Question

There is a small isle in the middle of a 200m wide stream and a tall palm tree stands on the isle. A and B are points directly opposite to each other on two banks and in line with the palm tree. The angles of elevation to the top of the palm tree from A and B are respectively 30${}^0$ and 45${}^0$.
What is the height of the palm tree?

• A. 93.2 m
• B. 113.2 m
• C. 73.2 m
• D. 53.2 m
• E. None of these

Answer 1

The correct option is C

73.2 m

Let OM be the palm tree of height 'h' metres.
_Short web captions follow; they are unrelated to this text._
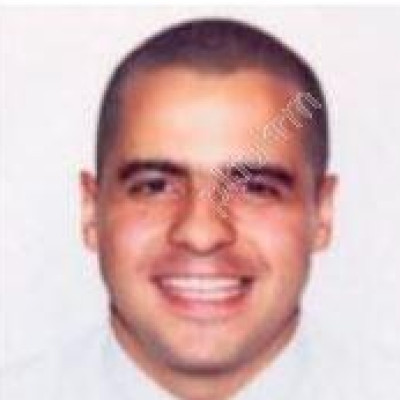 MARCIO PEREIRA RODRIGUES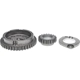 Purchase Top-Quality Timing Set by MAHLE ORIGINAL - 9-3077 pa1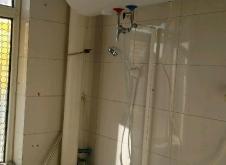 赤峰紅山園林路供熱電話號碼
In triangle AOM and BOM, we have -

$tan{30}^0$ = $\frac{OM}{OA}$ and $tan{45}^0$ = $\frac{OM}{OB}$

$\Rightarrow \frac{1}{\sqrt{3}}=\frac{h}{OA}$ and 1 = $\frac{h}{OB}$

$\Rightarrow OA+OB=\sqrt{3}h+h$

$\Rightarrow AB=\left(\sqrt{3}+1\right)$h

$\Rightarrow 200=\left(\sqrt{3}+1\right)h$

$\Rightarrow h=\frac{200}{\sqrt{3}+1}m$

$\Rightarrow h=\frac{200\left(\sqrt{3}-1\right)}{2}m$

$\Rightarrow h=100(1.732-1)m=73.2m$

Hence, the height of the palm tree is 73.2 m.